Adrian Rogers: Tick on a dog easier find than legendary pet goat
The cats were yowlin’ and the grass was up, and like clockwork I had babies on the brain. Kids, actually. Juvenile goats.
It has long been my dream to own a goat, one of those short squat ones who look like footstools. She would be a girl, and she would amble around my yard cropping the grass short, offering goat nuzzles to passers-by, every other week or so presenting between her cloven hands a creamy chunk of goat cheese as a token of thanks.
At night the goat would come inside, where she would happily serve as an ottoman while, together, we watched Animal Planet. (In my fantasies I always have cable television.)
My problem was that the pasture I have to offer a goat is on the South Hill, the lower, more crowded part. I wasn’t sure goats were allowed. My other problem was that, while I’ve long admired their work with cheese, I knew very little about goats.
However, I knew I had precedent. Somebody on the lower South Hill once had a goat. I knew it was true because my brother said he saw it. I knew where I had to go: a couple of miles west.
For my search for the lower South Hill goat, my brother made a map of the neighborhood where he saw the goat, marking four corners where it especially might have been. It was around 11th Avenue or 12th Avenue or maybe 10th around Ash or Elm streets, something like that. It was definitely near his girlfriend’s old apartment. Some years ago. There might have been something about a fence.
Armed with these clues and this map, I packed up my dog and I hit the road in my small brown car. I took the dog because of his special ability to sense other animals that he might want to eat, and he did alert at several points by whining and rushing between back-seat windows.
But while we encountered several squirrels and a black poodle-like number, we found no goat.

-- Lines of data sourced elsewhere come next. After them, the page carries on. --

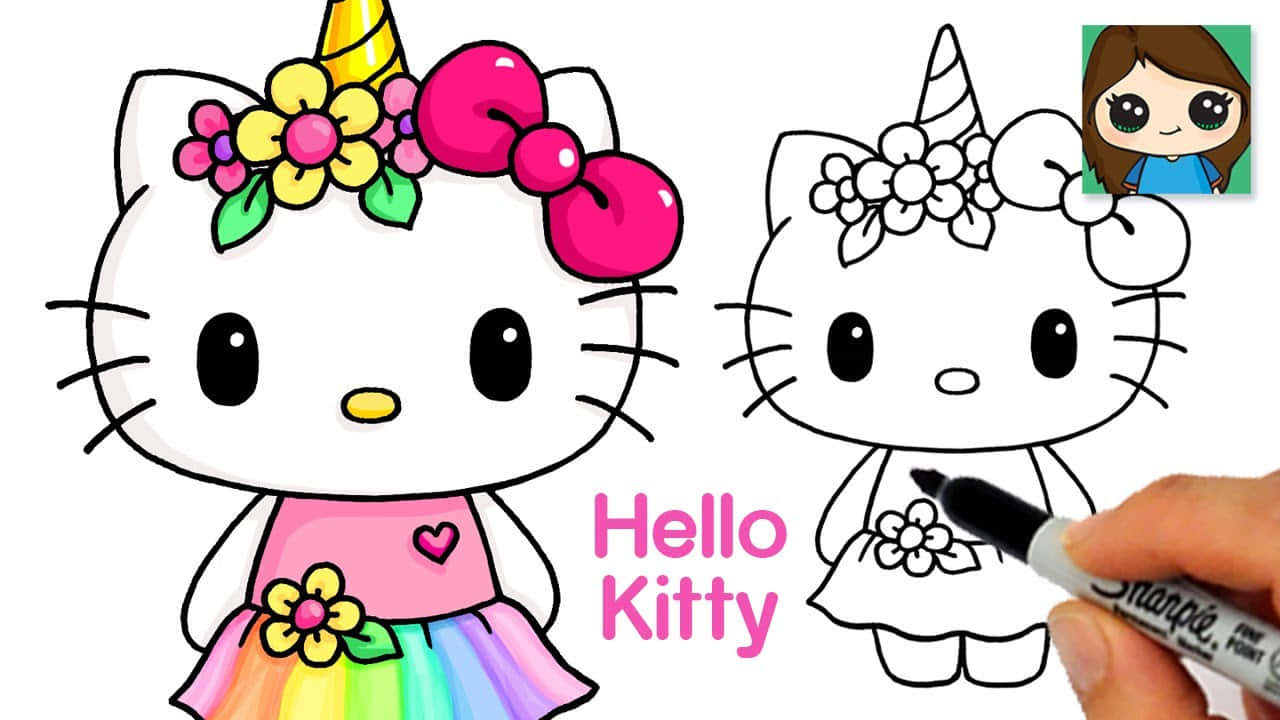 Einefröhliche Hello Kitty Begrüßt Dich!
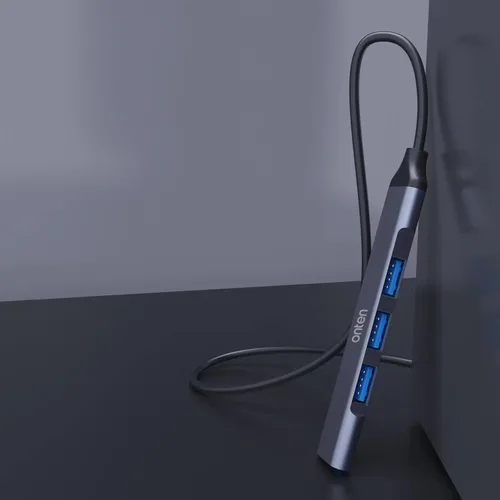 Vista 4 de Concentrador USB, adaptador USB C a USB, USB C a USB A Hub con cable de 1.6 pies, 4 puertos USB-C USB Hub 3.0/2.0, para MacBook Pro, iMac 2021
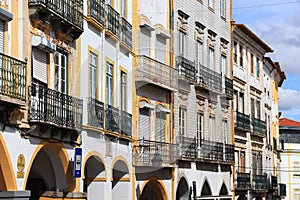 Rua da Republica street in Evora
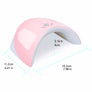 8 LED UV Lamp USB Nail Art Dryer Gel Polish Salon Curing Manicure Machine 60/120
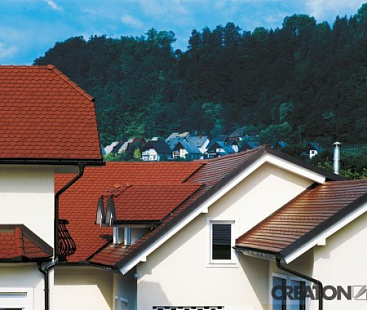 Объект из Керамическая черепица Creaton BIBER KLASSIK NUANCE kupferrot engobiert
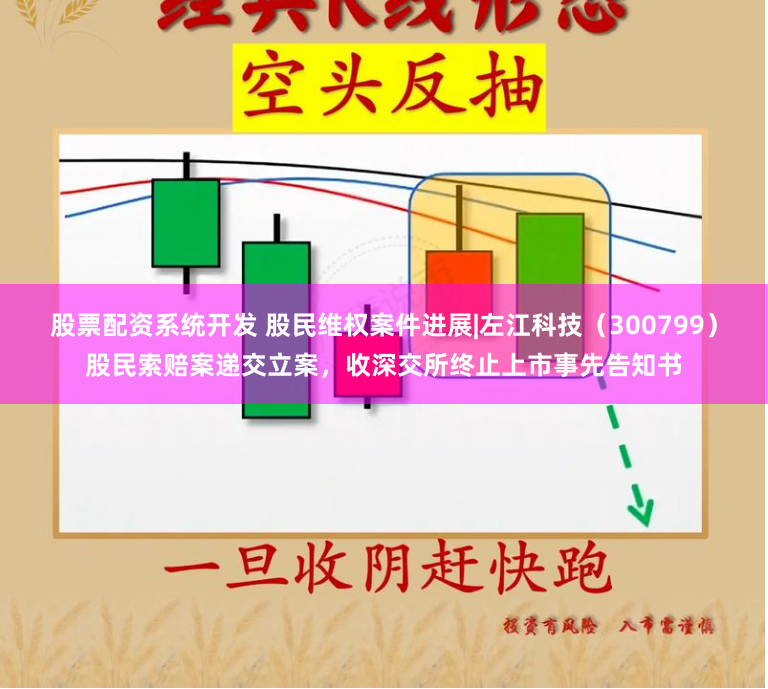 股票配资系统开发 股民维权案件进展|左江科技（300799）股民索赔案递交立案，收深交所终止上市事先告知书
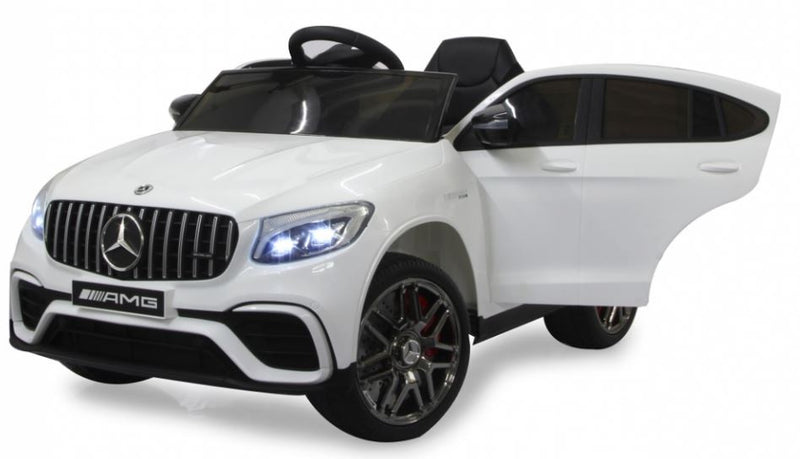 elektrische kinderauto Mercedes AMG GLC 63 12V wit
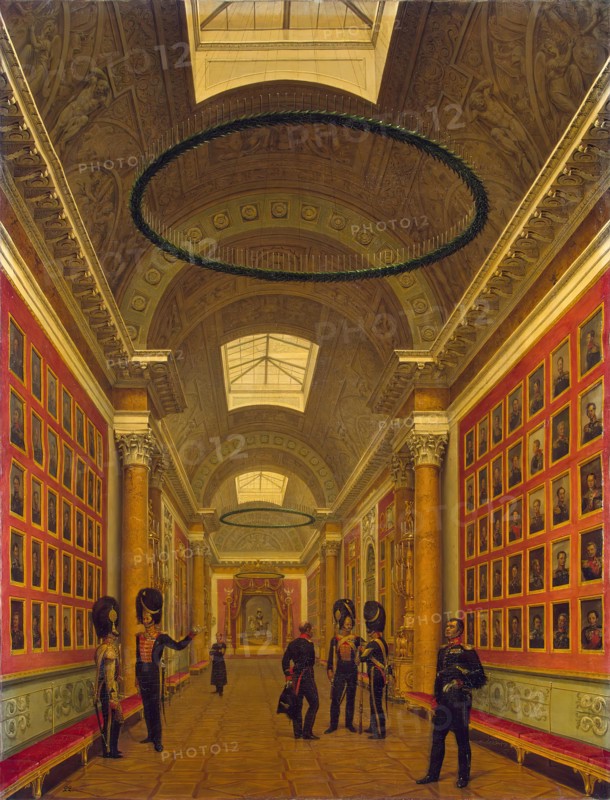 Military Gallery of the Winter Palace, 1829. Creator: Grigory Chernetsov.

I didn’t even see a yard that bore the neatly trimmed yard and possible fence that would have marked a goat within.
Back at home, the task loomed impossible. There might have been a goat somewhere on the South Hill, but I felt like I was looking for a small reddish-brown tick on a medium-sized brownish-black dog.
After looking at the Internet for a while (Lonely? Try http://garbagegoat.com/gg/), I consulted Grace Stumpff, 73, who is not a lower South Hill resident but who is a great fan of goats.
She raised eight human kids and turned to dairy goats after her three youngest children developed allergies to cow milk. “They call me the goat lady in the Valley,” she said.
And after 40 years of raising goats (she has about a dozen goats, Nubians – which have long ears that hang down – and pygmys), Stumpff was able to confirm my suspicion that goats make excellent pets.
“Goats are the closest thing to people, actually,” she said. “They’re so personable. It’s hard to explain. They’re just enjoyable to be around. Of course, they don’t argue with you like people do.”
If I wanted a goat, she said, I would have to:
“Get not one goat but two. Goats need company in the form of other goats. It’s possible that my dog would make company for my goat, Stumpff said, but not likely.
“Find a reputable breeder with clean facilities and a good worming program.
“Create a shelter outside for my goats.
“Not let my goats inside. Goats can be housetrained, Stumpff said, but it takes more patience than even she has.
“Feed them goat food.
“Give them a room to jump and play and maybe toys like teeter-totters.
“Make sure none of my plants are poisonous to goats.
And probably most importantly:
“Make sure I’m zoned for goats.
Zoned for goats. Cold words.
Verbatim, the cold words contained within Spokane’s city code are: “The keeping of large domestic animals is permitted outright only in the RA zone.”
Heather Trautman, of the city’s Code Enforcement department, told me that Spokane’s “residential agriculture zone” is in Vinegar Flats, on the southwest edge of the city, which is not where I live.
And large domestic animals include horses, donkeys, burros, llamas, bovines, sheep and swine. And goats. Furthermore, according to city code: “Miniature large animals are considered large animals.”
Trautman suggested that if I wanted a goat so bad I move to Vinegar Flats or to an unincorporated area of the county where large domestic animals are allowed.
My goat prospects down, my attention returned to the dog. He needed a walk. My boyfriend and I were driving in unincorporated Spokane County on our way to Turnbull Wildlife Refuge, and lo and behold, I spotted some floppy-eared goats in a pen.
Now, if another person were driving from the South Hill to Turnbull, he probably wouldn’t see these goats, because they were off the beaten path. There is only one animal on this planet who makes it take an hour to get from the South Hill to Cheney, and he was driving. In the back seat, the dog was whining to the point of neighing. In fact, I’m not sure what goats say, but the dog might have been saying it.
So we didn’t stop to see those goats, and then on the way back, we were busy leaping around the Chevron station parking lot in our socks, screaming, “Get it off! Get it off!” and then making the dog play Ballroom Dancing With Mother to give Father better access to his (the dog’s) under-parts for purposes of picking off the ticks. So we didn’t stop at the goats on the way back, either.
What do goats say? I’ll probably never know.